Alternatif Damai Jebakan Thucydides: “Rivalry Partnership”

Oleh: MIA

Dalam “Destined for War: Can America and China Escape Thucydides’s Trap?”, Graham Allison (2017) berargumen bahwa terdapat “structural stress” yang mendorong hegemon untuk berkonflik dan, dalam kasus terburuk, berperang dengan kekuatan yang baru bangkit. Hegemon berusaha mempertahankan kekuatan dan pengaruhnya di sistem internasional dari kekuatan lain sedangkan kekuatan baru menuntut entitlement yang datang dari perkembangan kekuatannya terhadap kekuatan lama. Di tulisan ini, Allison menjelaskan problematika tersebut dengan memaparkan 16 kasus relasi hegemon dengan kekuatan baru di mana 12 kasus berakhir dengan perang dan hanya 4 yang melihat transisi kekuatan berjalan dengan damai. Seperti kasus-kasus yang dipaparkan, relasi Amerika Serikat dan Cina kontemporer memperlihatkan pola hubungan yang sama antara hegemon dengan kekuatan yang baru bangkit di mana AS merupakan hegemon dan Cina sebagai kekuatan baru. Berangkat dari isu tersebut, Allison menjelaskan apa dan bagaimana hubungan kedua negara dapat berakhir dalam perang maupun tidak.

Kehancuran dari Eskalasi Konflik Kekuatan Besar Era Kontemporer

Konflik antara kekuatan besar seperti yang dihasilkan dari stres struktural di atas memiliki konsekuensi negatif terhadap sistem internasional dari waktu ke waktu. Eskalasi konflik kekuatan besar kontemporer tetapi memberikan dampak negatif yang lebih besar dibanding konflik kekuatan besar sebelumnya. Sama seperti kehancuran yang ditimbulkan dari ide “perang total” saat Perang Dunia I dan II melampaui konflik kekuatan besar abad ke-19 dan sebelumnya, perang di abad ke-21 akan membawa kehancuran yang lebih karena natur teknologi senjata modern yang ada seperti senjata pemusnah massal (WMD). Kepemilikan negara-negara besar seperti Amerika Serikat dan Cina atas senjata pemusnah massal berupa hulu ledak nuklir akan membawa kehancuran masif tidak hanya pada pihak yang berkonflik tetapi juga akan berdampak pada negara lain pula serta memiliki efek jangka panjang. Dari kesehatan jangka panjang individu yang selamat dari ledakan nuklir, keberlangsungan ekosistem sekitar ledakan, hingga manusia dan makhluk hidup lain yang dilewati oleh angin yang membawa partikel dari ledakan nuklir. Pada kasus terburuk perang nuklir dalam skala besar, dapat terjadi “nuclear winter” yang disebabkan debu dan asap dalam jumlah besar yang naik ke atmosfer berkat ledakan nuklir dapat menutupi sinar matahari dan menurunkan temperatur (Encyclopaedia Britannica, n.d).

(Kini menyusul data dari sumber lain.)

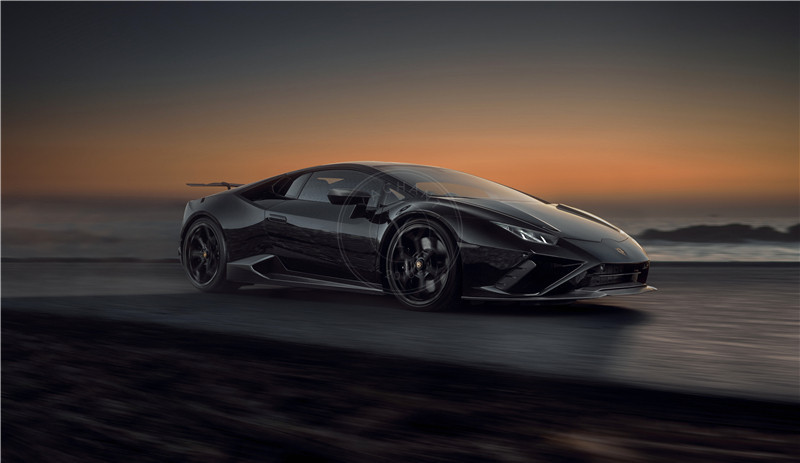 2020-2023 Lamborghini Huracan EVO RWD & Spyder Novitec Style Front Lip & Front Bumper Side Vents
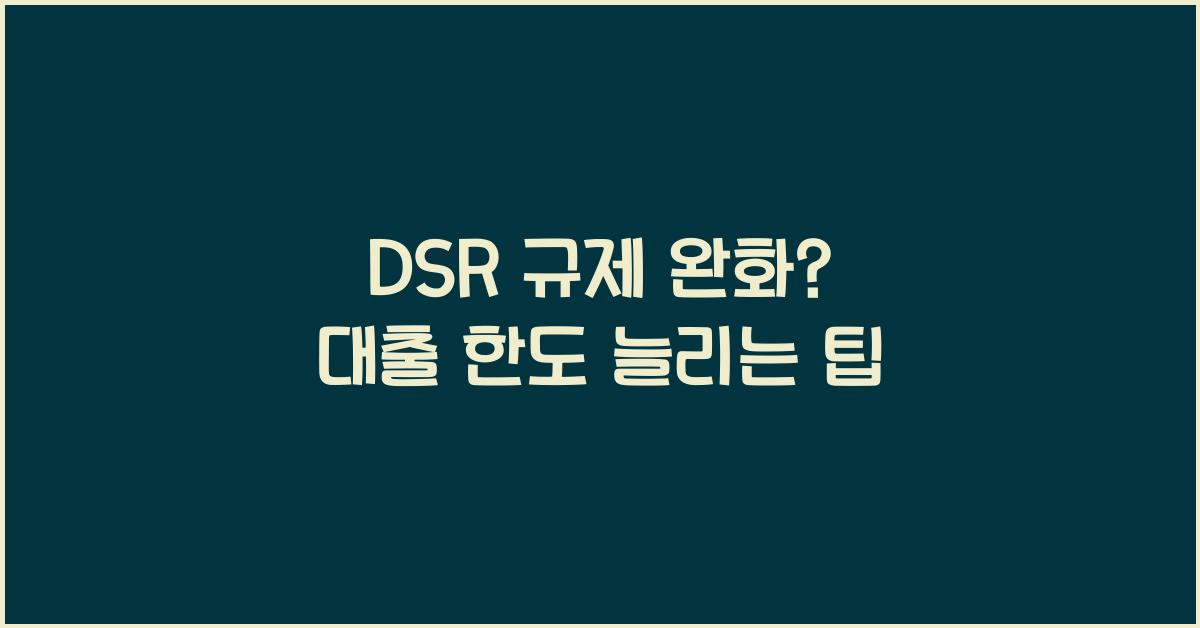 dsr 규제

​Pada kasus perang konvensional pun antara AS dan Cina, baik dalam skenario perang total ataupun perang terbatas, negara lain di kawasan juga dapat terpengaruh. Hal ini merupakan konsekuensi dari dua hal. Pertama, keberadaan jaringan keamanan di antara negara-negara di kawasan. Cina memiliki pakta pertahanan dengan Korea Utara dan memiliki hubungan keamanan informal dengan negara besar seperti Rusia. Sedangkan Amerika Serikat di Asia-Pasifik memiliki hubungan keamanan formal dengan Korea Selatan, Jepang, Taiwan, Malaysia, Singapura, Australia, dan Selandia Baru. Perang di antara kedua kekuatan ini berpotensi untuk membawa negara-negara yang menjadi sekutu formal mereka untuk bergabung ke dalam konflik. Kedua, ketergantungan Cina akan perdagangan untuk memenuhi kebutuhan energi dan mineral domestiknya. Terkait hal ini, Amerika Serikat telah memiliki rencana untuk memblokade jalur air yang vital bagi perdagangan Cina seperti Selat Malaka dan Selat Sunda jika hubungan kedua negara memiliki eskalasi (Rachman, 2017). Perluasan angkatan lautnya selama beberapa tahun terakhir tetapi membuat Cina memiliki kemampuan untuk menghadapi rencana AS tersebut. Ketika kedua negara besar melakukan kontak bersenjata untuk memperebutkan jalur air seperti Selat Malaka, negara-negara di sekitarnya seperti Indonesia, Malaysia, dan Singapura dapat mengalami gangguan ekonomi karena kapal kargo yang biasanya melintas akan mencari jalur alternatif.

Hubungan Jenis Baru bagi Amerika Serikat dan Cina: “Rivalry Partnership”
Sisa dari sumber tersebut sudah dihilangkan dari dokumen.